By Adrienne Zoble

We thank for referrals by doing business with them.

I can’t count how many times I’ve gotten this response to my question, “How are you thanking them for their referrals?”

It seems I can’t explain Referrals 101 often enough.  Referrals are so important to the growth and success of your business, profession or non-profit.  Yet they’re too often taken for granted; so here are some guidelines that will ensure additional referrals from the same sources, turning those sources into advocates for you and your business.  The word will also spread, bringing new sources into your fold.

You might ask, “How important is important, as far as referrals are concerned?”  Simple.  When you approach someone through a referral, you have a 75% better chance of closure.  Price is a virtual non-issue, since you’ve been presold.  The sales cycle is significantly shorter.  Are those reasons important enough?

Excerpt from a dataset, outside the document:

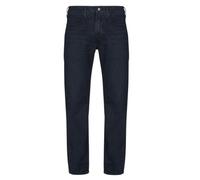 Levis Jeans Tapered 502 TAPER in Marine US 34 / 34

First of all, it’s imperative that you acknowledge a referral.  You’ve heard me say or write over and over again that marketing isn’t logical; marketing is emotional, and referrals are one of the more emotional issues.
Here’s the most common scenario:  you’ve actually contacted the referral, but to no avail: the person is away on business for the next week or ten days.  “Well,” you say to yourself in your most logical voice, “I have nothing to report.  Once I’ve made contact, I’ll get back to the referrer and communicate the result.”

In the meantime – and I’ve polled audiences hundreds of times about this and they all say the same thing – your referrer is wondering, “Did he call?  Does he care?  Last time I’ll refer him!”

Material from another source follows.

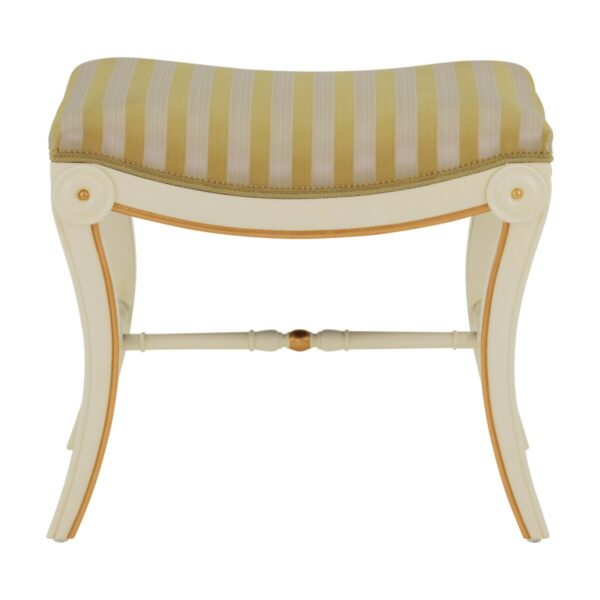 Банкетка SALACIA 4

So, second, it’s incumbent upon you to contact the referrer within 48 – 72 hours, even if nothing is happening!  The call/voice or email might go like this, “Just want you to know that I’ve contacted so-and-so, and she’s away on business.  Thank you so much for thinking of us.  Once I make contact, I’ll keep you apprised of what’s happening.”

There.  Three piddling sentences that allow the referrer both to know you’ve taken action and to feel in the loop.  Is that so difficult?  No?  Then what prevents so many business owners from taking this 30-second step?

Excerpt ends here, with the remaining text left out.